Primo supports a variety of RESTful web services for generating searches, retrieving full records, and retrieving patrons’ e-shelf contents. The Primo APIs include embedded URIs for Primo records and patrons’ e-shelf contents. The Primo web service responses are in JSON-LD format, containing URIs pointing to records; any application that consumes linked data can embed these URIs to create valuable links to bibliographic records indexed in Primo.

The inclusion of URIs and JSON-LD–formatted data in the returned results supports the streamlined consumption of Primo data already in the form of linked data.

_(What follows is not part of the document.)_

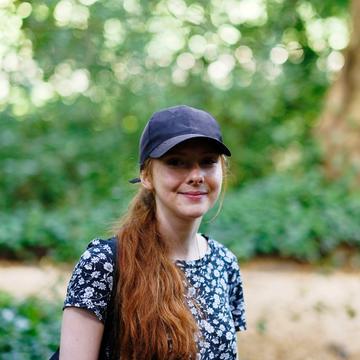 Roxanna Roskilly portrait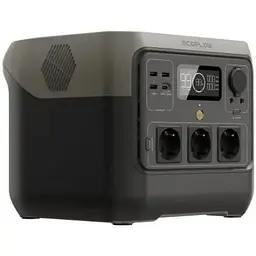 Портативна зарядна станція EcoFlow River 2 Pro 800W/768Wh UA 62473-ska - мініатюра 7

With this search API and URIs that return full metadata, more than two billion metadata records that reside in over a thousand institutions using Primo worldwide and in the Ex Libris Primo Central Index are now available. The Primo Central Index enables discovery of over a billion articles, e-books, and other types of content from a multitude of vendors. However, not all metadata in Primo Central is available via the URI because of vendor-imposed restrictions. The Primo URI provides access to metadata that a library has not defined as search-restricted. Similarly, Primo Central URIs give access to metadata on which vendors have not imposed copyright restrictions. All records that are defined as open access (for example, institutional repositories that universities upload to Primo Central) are available through the Primo URI, as well as vendor metadata (in keeping with institutional licensing policies).

Making Linked Data Richer

One can easily envision end-to-end support for URIs in the Alma and Primo metadata ingest and cataloging processes. The option to incorporate such URIs would then be available in discovery services and in the linked data provided by Primo. Indeed, for authoritative URIs to achieve a high degree of accuracy, the metadata maintenance module (that is, cataloging) must take linked data into account and make persistent keys or URIs available for downstream use. As of today, URIs auto-created in $0 flow down this very path to Primo for indexing.

Ex Libris Alma and Primo SaaS deployments live in highly scalable multitenant environments. These SaaS environments proxy incoming RESTful API calls through an API gateway that serves a dual purpose. First, by providing a “Try It Now” button, the gateway enables any developer to obtain easy access to documentation and an API test harness, thereby dramatically reducing the time to first “hello world.” The second purpose of the gateway is to act as a run-time proxy so that unusual scenarios will not inadvertently lead to a denial of service. The proxy also ensures that an incoming URI will be automatically routed to the correct repository, thus facilitating the work of developers and keeping persistent URIs persistent despite the operational needs of live systems.

Conclusions

The world is just beginning to generate and use linked data. Leveraging library discovery systems to help advance the growth of linked data seems to be the more pragmatic solution. In one fell swoop, Ex Libris is making library data available as linked data from Alma and Primo, with a consistent JSON-LD context; in Alma all MARC data can soon be published as BIBFRAME and accessed using URIs. Furthermore, because the products are SaaS and have frequent update cycles, all users of Alma and Primo SaaS linked data will benefit immediately as the linked support deepens.